With spring comes the promise of longer days, and weekends pottering in the garden. Early April is an ideal time to consider equipment that will make that work easier. I’m rarely without my Niwaki snips, which are perfect for clipping daffodils to bring into the house and light enough to slip into the pocket of my smock. (I like these thick cotton versions, which have been made for sailors and fishermen in Great Yarmouth, England, since the 19th century.) The Connecticut-based ceramist Frances Palmer, a consummate gardener in her own right, creates vessels with homegrown arrangements in mind.
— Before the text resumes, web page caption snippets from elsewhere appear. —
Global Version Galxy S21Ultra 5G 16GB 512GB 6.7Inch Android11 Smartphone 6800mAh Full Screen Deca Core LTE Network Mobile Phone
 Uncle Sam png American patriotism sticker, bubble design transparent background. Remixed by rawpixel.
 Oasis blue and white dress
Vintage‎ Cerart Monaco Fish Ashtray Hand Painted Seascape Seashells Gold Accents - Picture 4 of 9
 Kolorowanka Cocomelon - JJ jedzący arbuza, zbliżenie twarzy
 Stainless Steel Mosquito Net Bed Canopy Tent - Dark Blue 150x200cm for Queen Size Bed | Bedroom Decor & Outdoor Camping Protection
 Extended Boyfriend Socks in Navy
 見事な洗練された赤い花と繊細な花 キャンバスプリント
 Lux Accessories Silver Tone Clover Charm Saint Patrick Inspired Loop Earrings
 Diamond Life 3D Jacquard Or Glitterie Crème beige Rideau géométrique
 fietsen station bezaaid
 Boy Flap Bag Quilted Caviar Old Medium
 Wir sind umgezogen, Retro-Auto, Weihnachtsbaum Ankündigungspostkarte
I love this Putnam vase, which has hints of the classical and is perfect for delicate early flowers. For more sturdy tool carrying, this canvas bag has just the right amount of pockets and will stand on its own when you get distracted by new weeds. My favorite time in the garden is first thing, when the dew is heavy and the birds are singing: These tomato red clogs will keep early toes dry (and stylish) as you check on your budding bulbs. I wish I’d planted mine in these raw-edge planters, which are handmade in Vermont and would look sweet planted with grape hyacinth on a garden table.

— Elizabeth Tyler

This spring, T is celebrating everything related to the cultivation of plants and flowers, with guides, retrospectives and more:

– How to start a garden, from soil testing to planning to planting.

– Artists on the parks they’ll never forget.

– Ten films that feature fantastic flora.

– What gardening style suits you? Take our quiz.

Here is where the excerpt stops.